**Problem requirements:**
If a line of the material holds the string "Mens", please copy it.

**Raw data:**
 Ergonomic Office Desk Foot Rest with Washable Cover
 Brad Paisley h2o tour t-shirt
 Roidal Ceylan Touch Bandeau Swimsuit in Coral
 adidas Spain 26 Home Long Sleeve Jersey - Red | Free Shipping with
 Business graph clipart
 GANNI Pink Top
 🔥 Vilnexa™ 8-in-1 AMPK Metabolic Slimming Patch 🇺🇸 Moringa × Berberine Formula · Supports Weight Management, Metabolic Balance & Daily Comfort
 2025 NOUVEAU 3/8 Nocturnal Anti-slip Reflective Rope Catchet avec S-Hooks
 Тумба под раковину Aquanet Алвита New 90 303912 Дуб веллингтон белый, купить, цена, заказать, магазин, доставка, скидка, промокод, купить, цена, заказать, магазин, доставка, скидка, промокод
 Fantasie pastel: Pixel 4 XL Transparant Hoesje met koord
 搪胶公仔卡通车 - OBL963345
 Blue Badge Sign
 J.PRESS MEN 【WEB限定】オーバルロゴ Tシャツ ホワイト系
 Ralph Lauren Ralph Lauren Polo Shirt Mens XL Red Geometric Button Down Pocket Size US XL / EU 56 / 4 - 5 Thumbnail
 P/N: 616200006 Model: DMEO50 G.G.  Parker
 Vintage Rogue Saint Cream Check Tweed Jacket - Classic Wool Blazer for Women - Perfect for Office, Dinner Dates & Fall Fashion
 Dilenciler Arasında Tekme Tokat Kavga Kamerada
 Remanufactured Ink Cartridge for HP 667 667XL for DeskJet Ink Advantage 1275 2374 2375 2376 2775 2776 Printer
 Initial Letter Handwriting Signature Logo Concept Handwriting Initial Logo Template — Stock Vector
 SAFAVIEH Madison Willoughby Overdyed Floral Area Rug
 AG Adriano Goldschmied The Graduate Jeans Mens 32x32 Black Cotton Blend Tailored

**Solution below:**
 Ralph Lauren Ralph Lauren Polo Shirt Mens XL Red Geometric Button Down Pocket Size US XL / EU 56 / 4 - 5 Thumbnail
 AG Adriano Goldschmied The Graduate Jeans Mens 32x32 Black Cotton Blend Tailored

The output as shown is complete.